According to Table 1, the drilling fluid system has good conventional performance, a moderate range of rheological parameters, and low filtration. As can be seen from Figure 7, the addition of the rheology modifier PNBAM increased the values of AV, PV, and YP of the drilling fluid from 4 to 65 °C to an extent. As the temperature increased, the rate of enhancement of each rheological parameter of the drilling fluid gradually increased.
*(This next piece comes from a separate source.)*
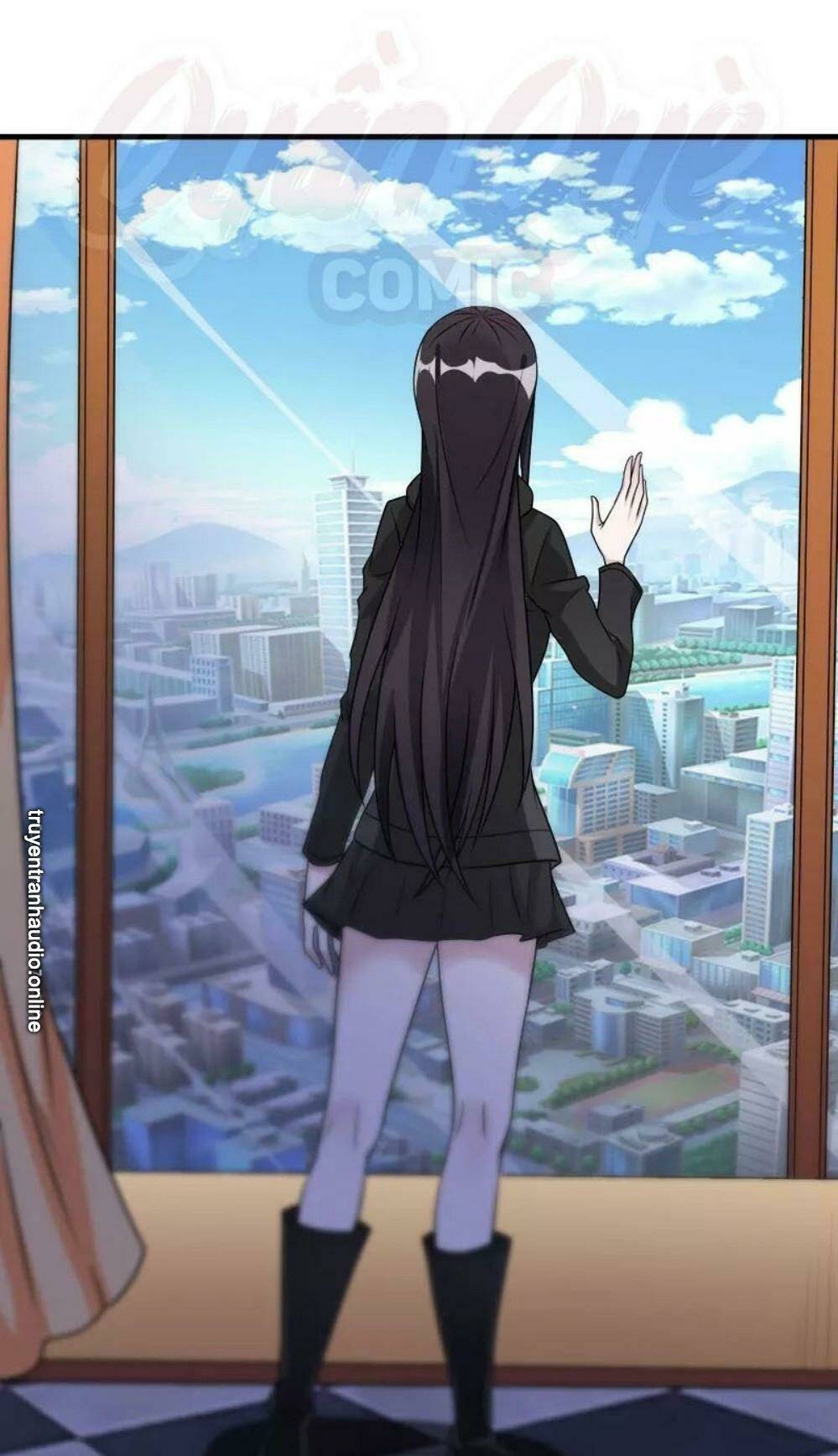 kiếm vũ chapter 117 37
2.2.4. Performance of Drilling Fluid System

As can be seen from Table 3, compared to WBDF-1, the WBDF-2 has a certain degree of reduction in the rheological parameter ratios of both AV and PV, which plays a certain effect on the low-temperature rheology regulation.
In previous studies, deepwater water-based drilling fluid systems with AV4°C:AV25°C < 1.5 and PV4°C:PV25°C < 1.50 were considered to have a certain level of rheological performance. The WBDF-2 with AV4°C:AV25°C < 1.30 and PV4°C:PV25°C < 1.20 indicates that the preferred drilling fluid system has a good performance in flat rheology [33].

2.3. Mechanism Study

2.3.1. Influencing Factors of LCST

Figure 8 shows the variation of LCST with the concentration of PNBAM. As can be seen from Figure 8, with the concentration of PNBAM increasing, its LCST gradually decreased; however, the decrease in LCST of PNBAM is not high. The rising addition enhances the number of hydrogen bonds bound between PNBAM and water. However, it has little effect on the polarity of the water itself and thus has a weak effect on the strength of the hydrogen bonds. This indicated that the addition of quantity has a weak effect on the LCST of PNBAM. LCST at 31 °C for both 0.25 wt% and 0.20 wt% addition of PNBAM. Therefore, 0.20 wt% was chosen as the optimum dose for PNBAM.
Figure 9 shows the variation of LCST with NaCl concentration of PNBAM. As can be seen from Figure 9, the LCST of PNBAM reaches 26 °C (4 wt% NaCl) and 16 °C (8 wt% NaCl). As the NaCl concentration continues to rise, the LCST of PNBAM decreases. This is due to the addition of NaCl, which enhances the polarity of water [44,45,46]. The hydration of NaCl further weakens the hydrogen bond between the amide group and water, breaking the hydration layer on the surface of the polymer molecules [44,45,46]. This leads to an enhancement of the intermolecular association of PNBAM, making it more susceptible to temperature, leading to a decrease in the LCST of PNBAM.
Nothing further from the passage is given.